La force du récit est la multiplicité des regards portés avec force, voire avec violence sur les réalités du monde, par Francia, mais aussi par Nancy Huston qui se déclare être « l’évangéliste » de Francia. Citons en particulier la désacralisation de la sexualité, la domination masculine d’autant plus affirmée que la misère est grande, la critique forte en même temps que ambiguë des croyances religieuses, la course de l’humanité vers sa perte et bien d’autres. 

Les clients de Francia sont autant de personnages qui peuplent le monde. Qui sait si je ne suis pas l’un d’eux, ne serait-ce que partiellement, peut s’interroger le lecteur s’il est un homme. D’ailleurs, plusieurs personnages du récit ne sont-ils pas boiteux comme Francia. 

Et puis il faut noter en contrepoint de l’ensemble du récit la réflexion sensible de Nancy Huston : en s’appuyant sur les vers du sonnet 55 de Shakespeare, Nancy Huston déclare qu’à l’éphémère des réalités du monde s’oppose l’éternel des mots du poète.

Quelques réserves

  Aucune réserve pour ce grand livre.

Encore un mot...

En effet, un grand livre, assurément. Un coup de cœur sans hésitation, mais aussi un coup de poing que l’on reçoit dans le ventre, un coup de poing que l’on supporte grâce à la virtuosité, au style enlevé ou moucheté sur la réalité des choses, l’absurdité en étant marquée par la légèreté même des piques de Nancy sur un ton qui pourrait être : allons vers la mort ou vers la catastrophe, constatons l’insupportable permanent et sourions comme s’il s’agissait d’un bon mot échangé à la va-vite en prenant son café, et aussi grâce à l’humour parfois de Nancy Huston. Un livre terrible ! 

Une phrase

  • « Ernest a perdu la foi de façon aussi subite que radicale. Un jeune prof leur ayant fait faire un tour rapide des religions, il est devenu évident que, vu le nombre des salades que les humains se sont racontées au long des millénaires sur les cinq continents, les chances que la salade locale corresponde à la vérité sont équivalentes à zéro. » p.72

  • « Les hommes ont peur de mourir et peur de vivre, peur d’échouer et peur de réussir…
    C’est ça qui les rend agressifs. Devenir homme, de façon générale, c’est apprendre à transformer sa peur en violence. » p.112

  • « C’est fou, se dit-elle, comme les hommes sont doués pour s’inventer des enfers. » p.119 

  • « Depuis la nuit des temps, c’est grâce à l’horreur que les hommes font sens de leur vie.

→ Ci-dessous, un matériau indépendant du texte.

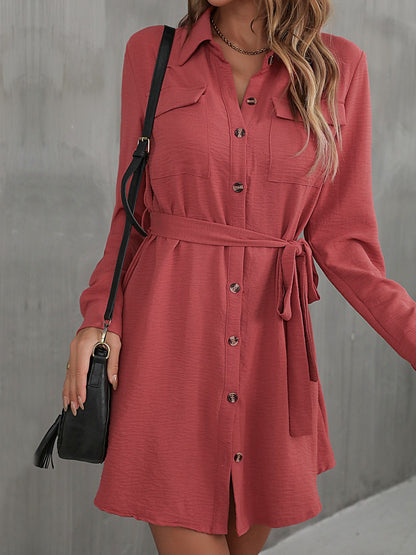 Belted Long Sleeve Dress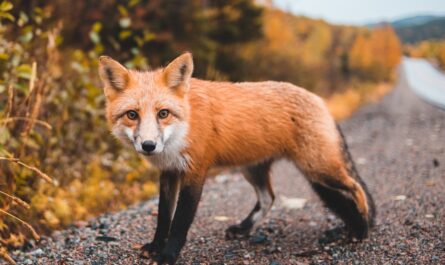 Un renard kleptomane fait sensation dans un parc américain : 32 paires de chaussures volées !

Le grand problème, c’est que ce sens n’est pas transmissible. Dès que l’horreur recule un tant soit peu dans le passé, dès que l’on ne l’a plus, effective et sanglante, sous les yeux, les oreilles et le nez, elle se transforme en récit, en légende, en cinéma, et on n’y croit plus. » p. 249

  • « Mais c’est ainsi que l’homme se pense divin ! se dit Armand à part lui. Non seulement par la création, mais aussi, au moins autant, par la destruction. » p. 250

L'auteur

Nancy Huston est née en 1953 à Calgary au Canada. Elle vit en France depuis 1970. Ses créations sont abondantes : Femme de lettres d’expression anglaise et française, elle a produit de nombreux romans, ainsi que des essais, des nouvelles, du théâtre, des ouvrages illustrés, des œuvres pour la jeunesse et des scenarios de film. C’est une militante féministe, et une femme engagée sur plusieurs terrains comme la lutte contre l’exploitation des sables bitumineux en Alberta, contre les caricatures de Charlie Hebdo et contre le célibat des prêtres. 

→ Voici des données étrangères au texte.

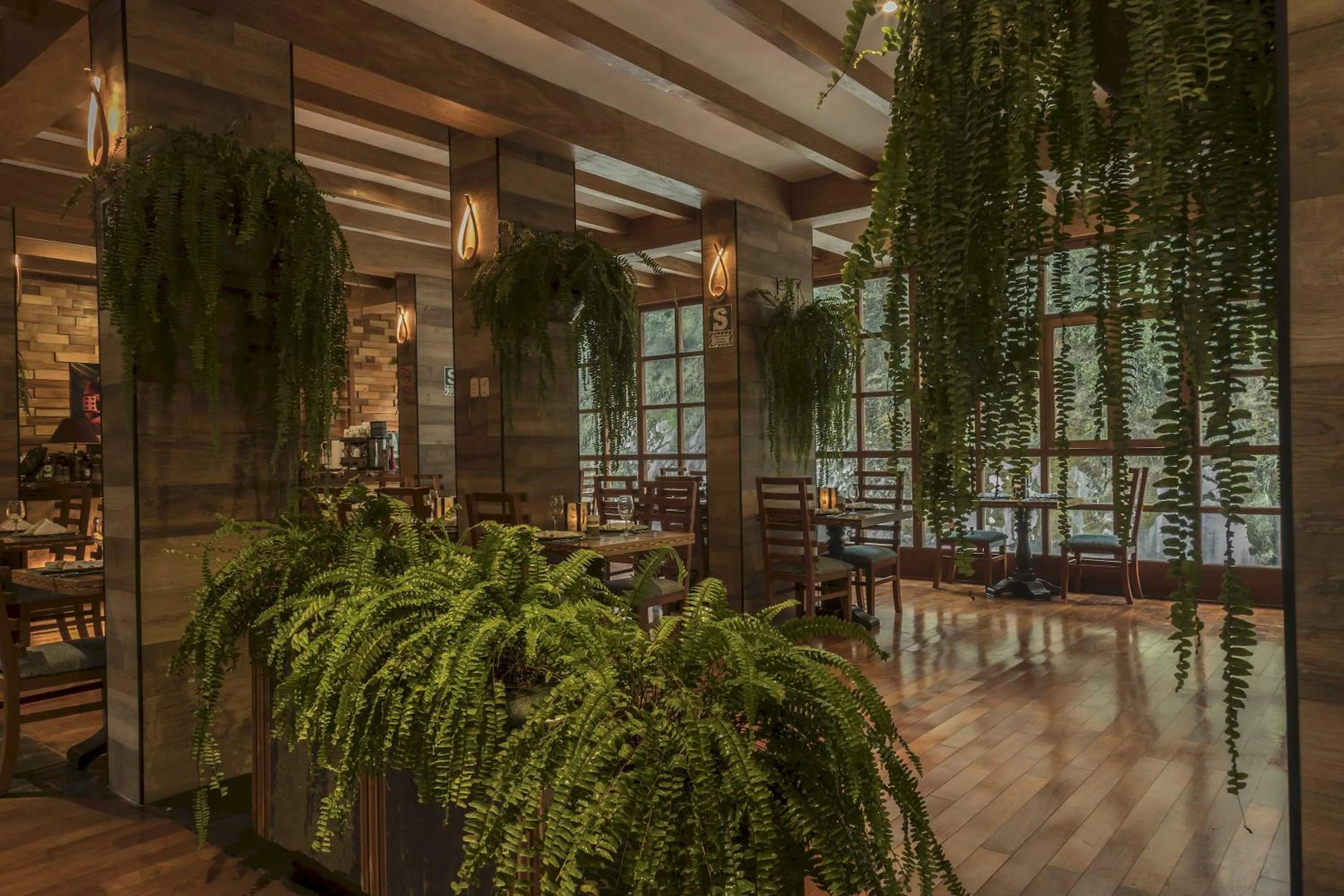 Restaurant/places to eat in Casa del Sol Machupicchu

Parmi ses romans, citons Cantique des plaines (Actes Sud), 1993, Prix Louis Hémon, Prix Canada-Suisse ; Instruments des ténèbres (Actes Sud et Poche) 1996, Prix Goncourt des lycéens, Prix Inter ; L’empreinte de l’ange (Actes Sud) 1998, Prix des libraires du Québec, Prix des lectrices de Elle ; Lignes de faille (Actes Sud et Poche) 2006, Prix Femina, Prix France Télévision.